━━━ SOURCE DATA

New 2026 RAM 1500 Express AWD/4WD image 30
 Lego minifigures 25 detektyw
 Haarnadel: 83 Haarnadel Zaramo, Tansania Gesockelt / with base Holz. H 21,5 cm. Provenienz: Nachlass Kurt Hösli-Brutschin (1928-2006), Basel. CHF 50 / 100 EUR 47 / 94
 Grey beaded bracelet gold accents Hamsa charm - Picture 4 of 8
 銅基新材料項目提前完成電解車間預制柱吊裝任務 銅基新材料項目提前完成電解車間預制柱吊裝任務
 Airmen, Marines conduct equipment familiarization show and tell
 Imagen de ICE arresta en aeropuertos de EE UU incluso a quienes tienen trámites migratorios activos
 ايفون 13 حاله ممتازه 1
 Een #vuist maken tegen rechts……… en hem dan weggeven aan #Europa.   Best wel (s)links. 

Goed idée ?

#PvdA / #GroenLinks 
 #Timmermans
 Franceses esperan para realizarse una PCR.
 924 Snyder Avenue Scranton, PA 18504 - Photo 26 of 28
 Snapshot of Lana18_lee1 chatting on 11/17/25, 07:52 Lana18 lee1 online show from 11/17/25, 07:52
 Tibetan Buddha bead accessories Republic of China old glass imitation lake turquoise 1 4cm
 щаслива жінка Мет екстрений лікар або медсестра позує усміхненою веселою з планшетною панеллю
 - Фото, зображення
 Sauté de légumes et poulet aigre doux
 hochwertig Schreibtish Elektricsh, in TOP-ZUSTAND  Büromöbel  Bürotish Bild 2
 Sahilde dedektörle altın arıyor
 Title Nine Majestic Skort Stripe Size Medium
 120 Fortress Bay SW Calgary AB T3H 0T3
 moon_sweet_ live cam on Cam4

━━━━━━

### TASK TO COMPLETE
Across the data, find each line that has "show" in it and copy that line.

### TASK OUTPUT
 Airmen, Marines conduct equipment familiarization show and tell
 Snapshot of Lana18_lee1 chatting on 11/17/25, 07:52 Lana18 lee1 online show from 11/17/25, 07:52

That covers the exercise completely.